[COLLECTED DATA]

==*==

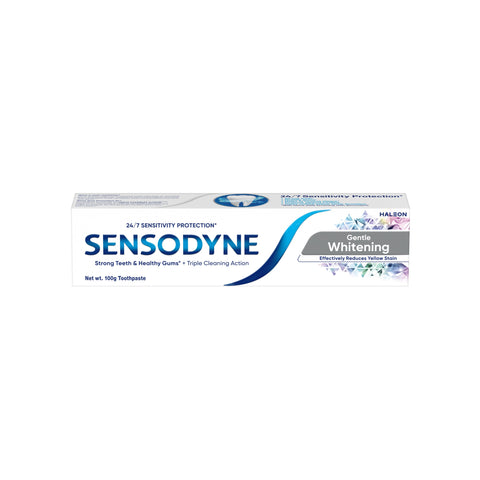 Sensodyne Toothpaste (Gentle Whitening) 100g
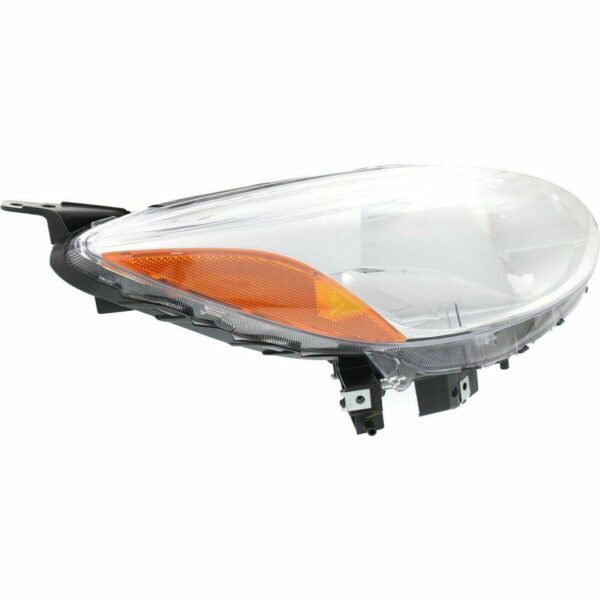 Head Lamp Passenger Side Mazda 5 2016-2017 Halogen High Quality , MA2519139 - Image 2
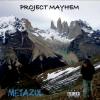 Metazul - Project Mayhem CD (CDRP)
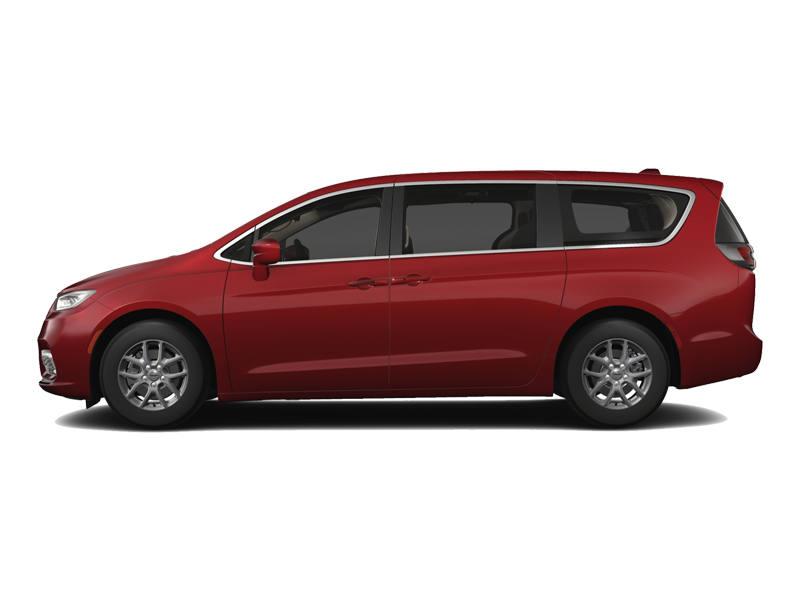 2024 Chrysler Pacifica Touring L photo 3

==*==

[TASK OBJECTIVE] Omit the pictures, then output the rest of the listing exactly.

[SOLUTION BELOW]
 Sensodyne Toothpaste (Gentle Whitening) 100g
 Head Lamp Passenger Side Mazda 5 2016-2017 Halogen High Quality , MA2519139 - Image 2
 Metazul - Project Mayhem CD (CDRP)
 2024 Chrysler Pacifica Touring L photo 3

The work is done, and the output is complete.